- Battle of Ariel: Part of Jihadist insurgency in Burkina Faso
| Date | November 9, 2017 |
| Location | Ariel, Soum Province, Burkina Faso |
| Result | Burkinabe victory |

Belligerents
- Burkina Faso: Ansarul Islam

Casualties and losses
- 4 injured: 10 killed

= Battle of Ariel =

2017 battle in Burkina Faso

On November 9, 2017, clashes broke out between Burkinabe forces and Ansarul Islam in the hills between Kereboule and Ariel, Soum Province, Burkina Faso. It was the first major victory against jihadists by the Burkinabe government since the start of the jihadist insurgency in the country.

== Background ==
The jihadist insurgency in Burkina Faso began in 2015 when jihadist militant groups from Mali and Niger began expanding into northern and western Burkina Faso, conducting attacks on civilians and Burkinabe forces. In October 2016, Ansarul Islam was formed by Ibrahim Malam Dicko, effectively becoming the first homegrown Burkinabe jihadist group.
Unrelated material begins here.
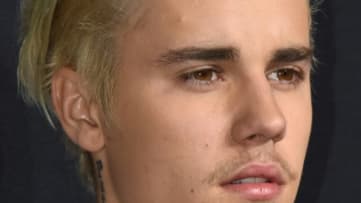 Le chanteur canadien Justin Bieber le 10 février 2016 à Hollywood Le chanteur canadien Justin Bieber le 10 février 2016 à Hollywood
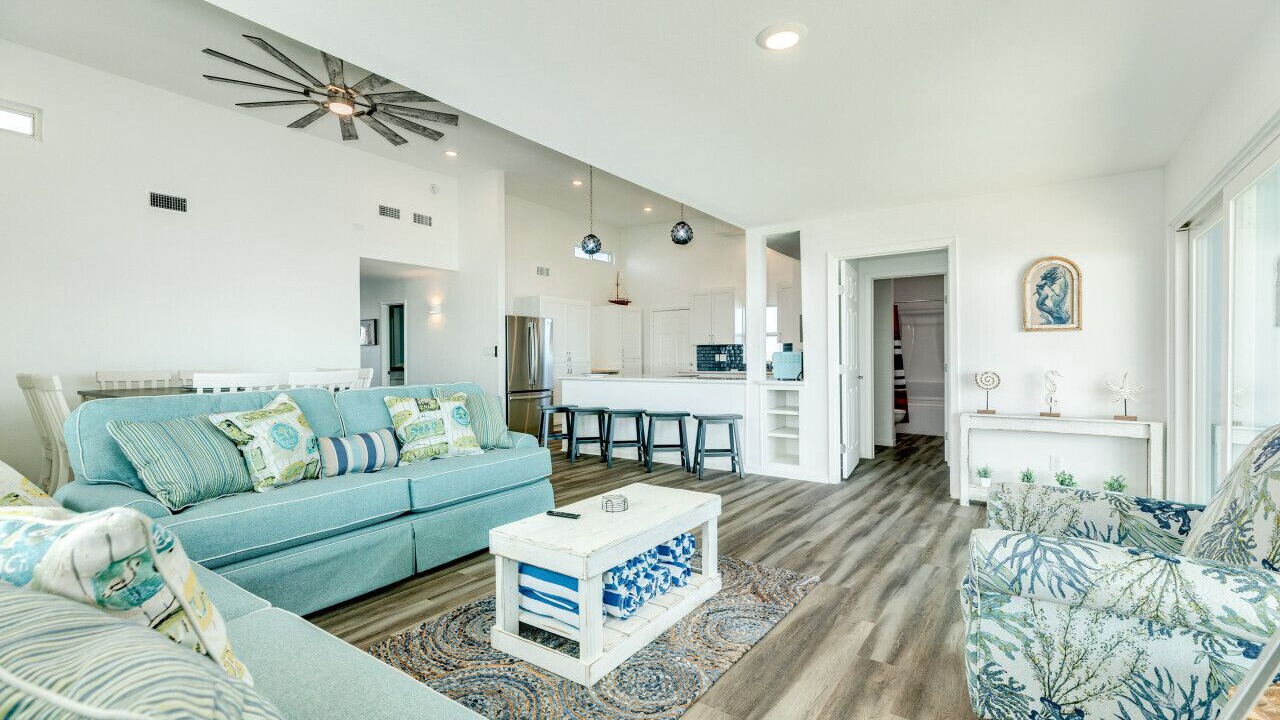 Photo of Livingroom in Jamaica Beach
Ansarul Islam's first attack was in Nassoumbou, killing a dozen Burkinabe soldiers.

== Battle ==
On the night between November 8 and 9, 2017, a group of Ansarul Islam jihadists were spotted in the hills between the villages of Kereboule and Ariel in Soum Province. The Burkinabe army decided to intervene, mobilizing an anti-terrorist detachment based in Nassoumbou to carry out the operation. Fighting began on November 9 at around 1:30 p.m. in the village of Ariel, lasting for two hours. Burkinabe forces eventually pushed the jihadists out of Ariel. The victory was the first tangible victory against the jihadists from the Burkinabe forces.

Initial reports stated that four militants were killed in the battle, and that four soldiers were injured. A Burkinabe military source speaking to Jeune Afrique stated that ten jihadists were killed, and a large stockpile of weapons was also captured. One soldier was also temporarily reported missing before being found.